À l’article 9 relatif à la lutte contre la provocation au terrorisme et l’apologie du terrorisme sur internet, j’ai évidemment écouté et lu avec la plus grande attention les critiques des acteurs du monde de l’internet. J’ai également pris connaissance avec grand intérêt de la recommandation de la commission de réflexion sur les droits et libertés à l’âge du numérique, coprésidée par Christian Paul et Christiane Féral-Schuhl, et j’ai beaucoup réfléchi à cette question complexe et délicate.
À l’issue de ce processus de réflexion, poursuivi durant tout l’été, je suis convaincu qu’il est absolument nécessaire de permettre aux pouvoirs publics d’empêcher l’accès à des sites particulièrement odieux et dont l’effet déterminant sur le recrutement de futurs terroristes est désormais avéré, et qu’il est nécessaire de rechercher l’équilibre le plus adapté entre l’efficacité de l’intervention publique et la protection de la liberté d’expression.
J’en suis arrivé à la conclusion que le blocage administratif était la solution la plus efficace, mais qu’il était nécessaire de renforcer les garanties entourant la prise de décision de l’autorité administrative. J’ai forgé ma conviction après m’être posé plusieurs questions : d’abord celle de l’opportunité même du blocage ; ensuite celle de l’autorité chargée de décider le blocage et enfin celle des garanties devant entourer la décision de blocage.
Sur la question de l’opportunité du blocage, les critiques relatives aux possibilités de contournement et au « surblocage » sont légitimes et doivent être entendues, mais elles ne sauraient justifier la passivité des pouvoirs publics pour des contenus hébergés à l’étranger et dont le retrait par l’éditeur ou l’hébergeur n’est pas envisageable. Je partage l’idée que la solution la plus efficace sera toujours le retrait du contenu par l’éditeur et l’hébergeur, mais lorsque le retrait ne peut être obtenu, le blocage est une arme de dernier recours dont les pouvoirs publics doivent pouvoir disposer.

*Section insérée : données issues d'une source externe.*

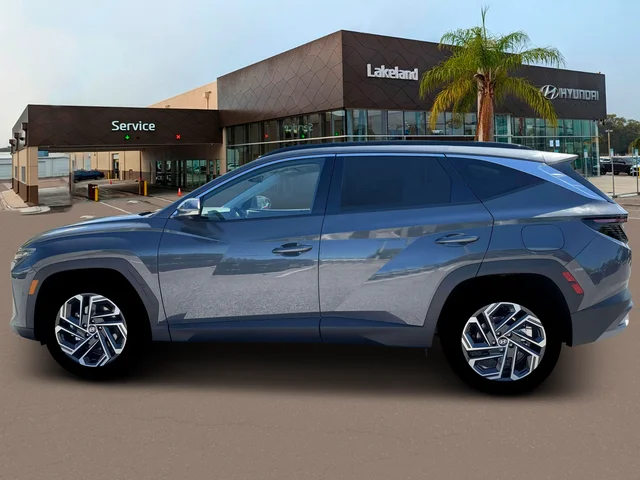 New 2026 Hyundai TUCSON Limited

C’est pour cette raison que j’ai fait adopter par la commission des lois un amendement qui a introduit le principe selon lequel le blocage est une mesure subsidiaire par rapport au retrait du contenu par l’éditeur ou l’hébergeur : le blocage ne pourra être demandé au fournisseur d’accès qu’après avoir demandé à l’éditeur ou à l’hébergeur de retirer le contenu, et après leur avoir laissé vingt-quatre heures pour y procéder. Ce préalable obligatoire de la demande de retrait sera toutefois écarté pour les sites dont l’éditeur et l’hébergeur ne pourront pas être identifiés à partir des informations figurant sur le site incriminé.
Sur la question de l’autorité chargée de décider le blocage, l’attribution de la compétence au juge judiciaire proposée par certains soulève deux séries de difficultés, les unes d’ordre pratique, les autres de principe.

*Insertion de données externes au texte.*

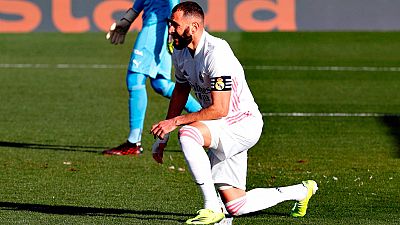 Benzema no viajará a Bérgamo para enfrentarse al Atalanta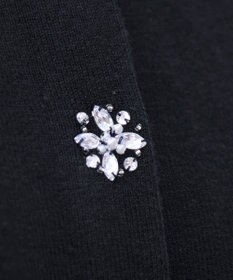 Tiaclasse 【洗える】ビジューニットカーディガン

Au plan pratique, la procédure judiciaire implique une assignation spécifique et une audience pour chaque instance dont le juge sera saisi, afin de respecter le principe du contradictoire. Or l’on sait que le contournement du blocage passera notamment par la duplication de « sites miroir » après blocage d’un premier site. Il ne me paraît pas possible d’obtenir une efficacité suffisante dans la « traque » de ces sites, compte tenu des garanties procédurales inhérentes à toute procédure judiciaire, sauf à réduire ces garanties, ce qui ne serait évidemment pas acceptable.

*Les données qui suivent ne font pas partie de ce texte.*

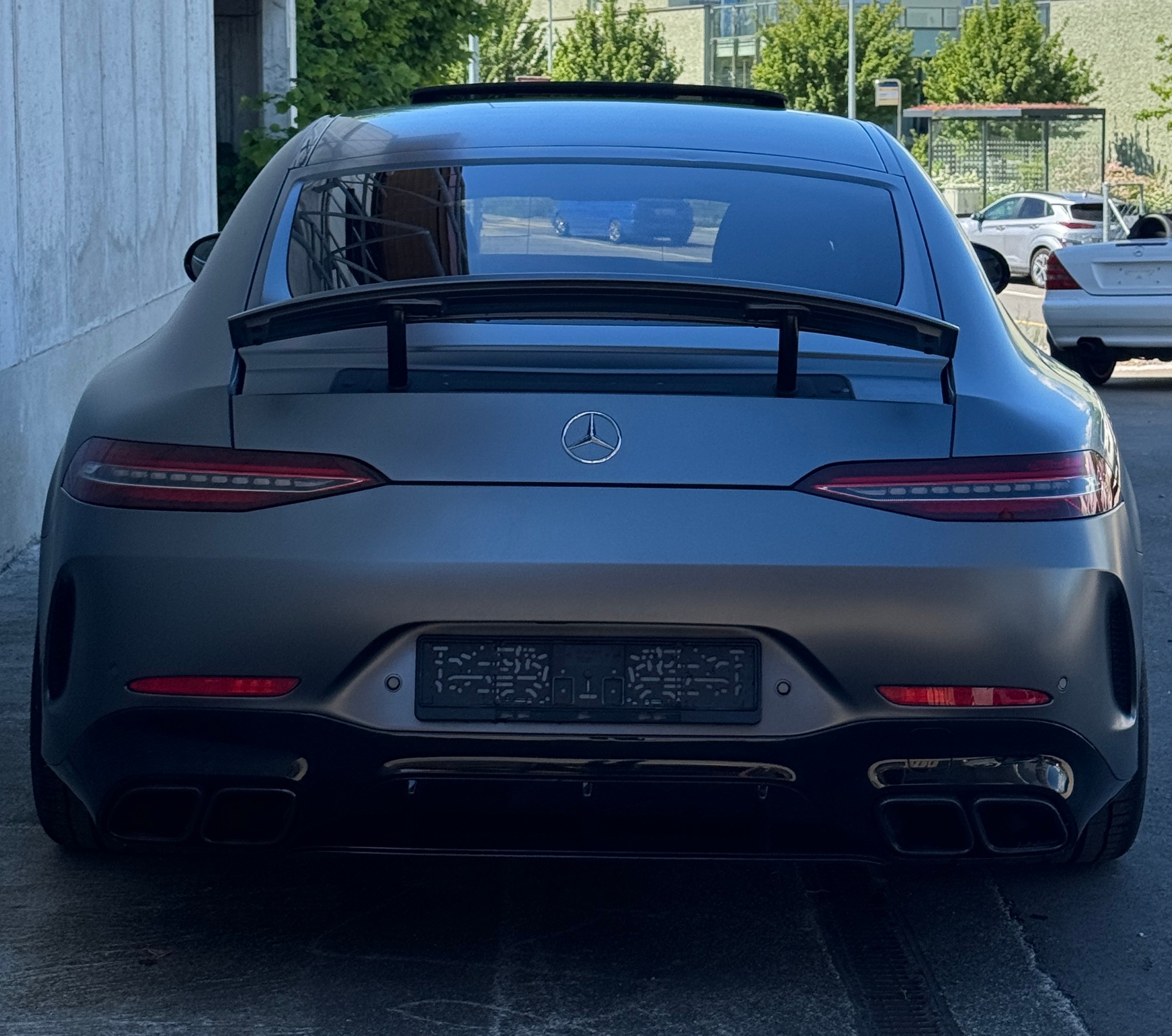 MERCEDES-BENZ AMG GT 4 63 4Matic+ Speedshift MCT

Au plan des principes, compte tenu de l’importance prise aujourd’hui par internet et des troubles à l’ordre public que l’expression sur internet peut engendrer, la lutte contre les propos appelant au terrorisme sur internet doit pouvoir relever de la police administrative. Aujourd’hui, l’autorité administrative peut interdire une manifestation, un spectacle, voire ordonner la saisie d’un journal – certes, dans des conditions très strictes –, pour prévenir des troubles à l’ordre public : ce que l’autorité administrative peut faire dans la sphère réelle pour protéger l’ordre public, elle doit également pouvoir le faire dans la sphère numérique. Pour ces deux raisons, je considère que le blocage des sites doit relever de l’autorité administrative.